As the Ninth Circuit's opinion also pointed out, applying the conventional definition of gross receipts as "what the boat is paid for the fish it delivers," gross receipts in this venture were zero.

Id. at *3.

John Krossa joined the venture as a deckhand on the F/V SHELIKOF in Juneau in April of 1995. He spoke to an All Alaskan representative who told him that he would receive a 9% crew share, but apparently did not explain the compensation system beyond that. He flew to Russia to join the ship, and signed his contract there. The superior court found that Krossa's employment began at this time, and that at this time he "may have believed he would make 9% of some total value of the crab" instead of a value based on the $.50 figure.

The SHELIKOF spent about a week in the crabbing grounds and then delivered the crab to an All Alaskan processing vessel. The superior court determined that during this initial period of about a week, the parties still "had different impressions of how to calculate the crew shares." But it found that after the first crab delivery, Krossa came to understand the terms offered by All Alaskan. The superior court found non-credible Krossa's testimony that he asked the captain about the pay rate and was not told. It found that Krossa was "at best being willfully ignorant of reality" if he did not know other members' crew shares and realize that his assumption that he would earn over $400,000 for the three-month job was unreasonable. Krossa eventually received written explanation of All Alaskan's pay arrangement from the captain.

The superior court also found that after the first week of fishing, when Krossa learned of All Alaskan's intended payment terms, he accepted them. At that point, it held, a meeting of minds was achieved and a valid contract was formed. The court noted that Krossa later demonstrated his willingness to work under All Alaskan's contractual terms by coming back for a second term under the same contract. Krossa later sought to return for a third contractual term with All Alaskan.

The superior court further found that All Alaskan's terms were reasonable — as evidenced by the fact that Krossa earned more money than in any previous season and returned for more work under the same payment formula. But it found that Krossa's claimed initial expectation that he would earn over $400,000 for three months' work was not reasonable. The court noted that if Krossa's initial interpretation of the contract were correct then an inordinately high percentage — at least 81% — of revenues from the venture would go to crew payment alone.
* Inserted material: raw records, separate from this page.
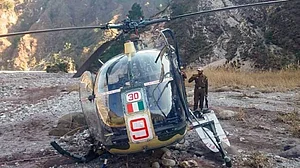 अरुणाचल प्रदेश में बड़ा हादसा, मंडला पहाड़ी इलाके के पास क्रैश हुआ सेना का चीता हेलीकॉप्टर
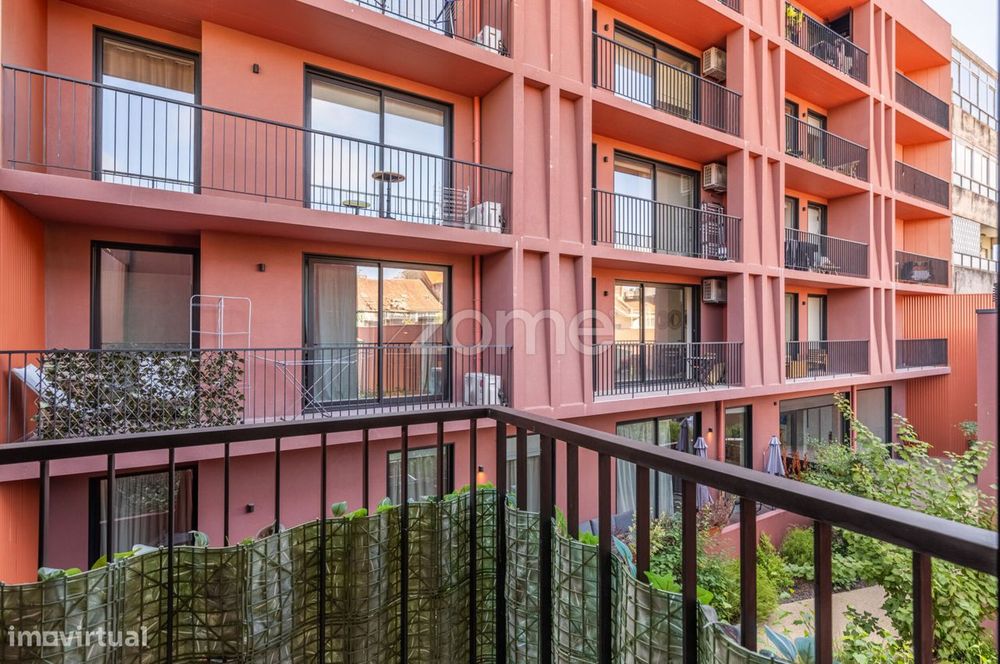 T3 triplex semi-novo com garagem e arrumos - Cond. Terracotta, Porto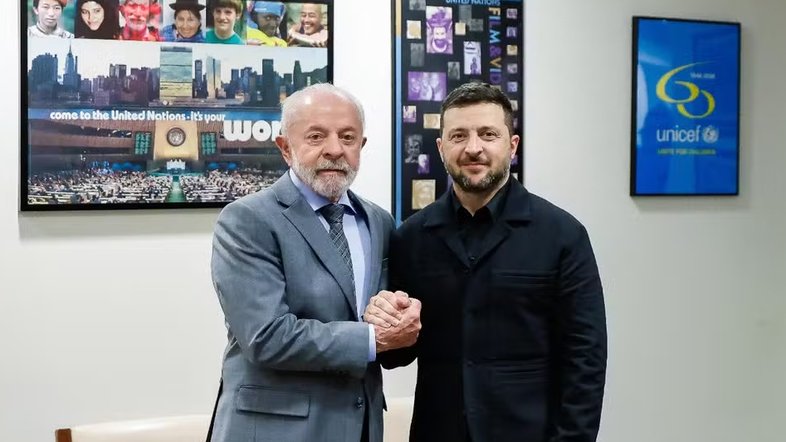 Luiz Inácio Lula da Silva e Volodymyr Zelensky em encontro na Assembleia Geral da ONU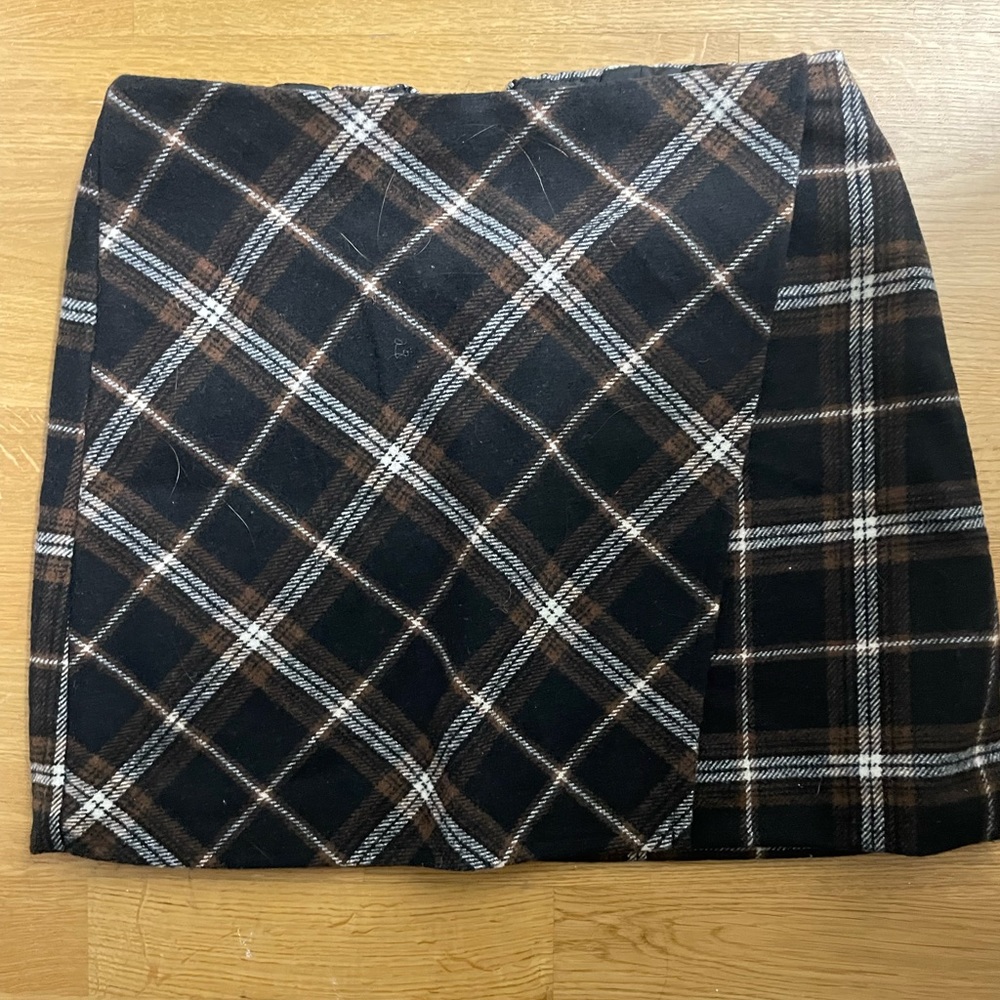 Hollister size S plaid wool skirt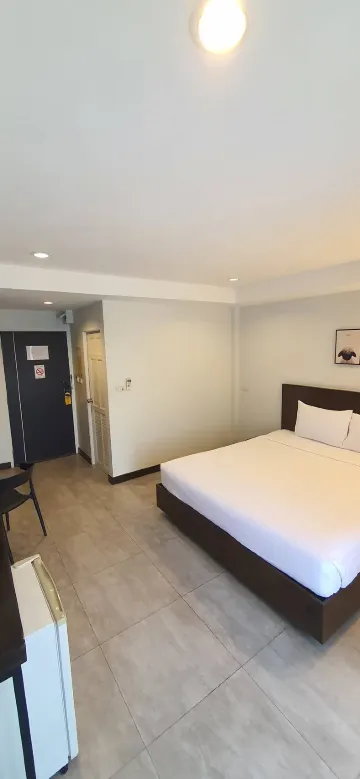 ดีลักซ์ เตียงควีนไซส์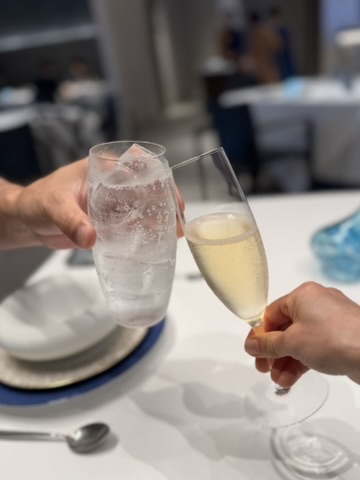 星のや沖縄 ダイニング 泡盛残波プレミアムとノンアルコールスパークリング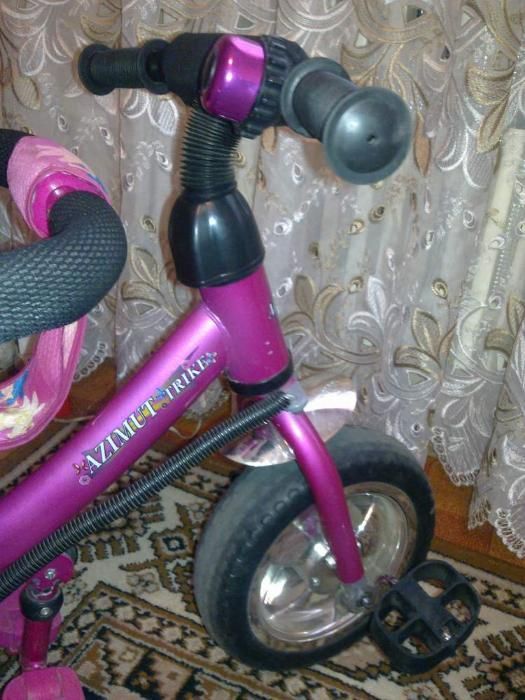 Продам детский велосипед для девочки Azimut Trike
The superior court also concluded that Krossa had not presented sufficient evidence to justify additional contract damages for the week-long period between when Krossa signed the contract and when he came to understand All Alaskan's terms. Although Krossa attempted to use the market price of crab in Japan and Alaska as a basis for calculation, the court found these figures unrealistic as a basis for determining what price was received for the crab caught in the Russian venture. Instead, the superior court concluded that no payment in excess of the sum already paid by All Alaskan under its contract terms was due to Krossa for the first week of fishing.

III. STANDARD OF REVIEW

We review questions of law de novo and apply the de novo standard of review to a trial court's interpretation of a written contract if that interpretation was based exclusively on documentary evidence. We apply the clearly erroneous standard when the trial court has relied on extrinsic testimonial evidence in interpreting a contract. In this case, the trial court's conclusions regarding what the parties intended and what intentions or assumptions were reasonable under the circumstances depended in large part on witness testimony. We review the trial court's factual findings for clear error and do not "weigh conflicting evidence or assess the credibility of witnesses; these are functions peculiarly within the province of the trial court."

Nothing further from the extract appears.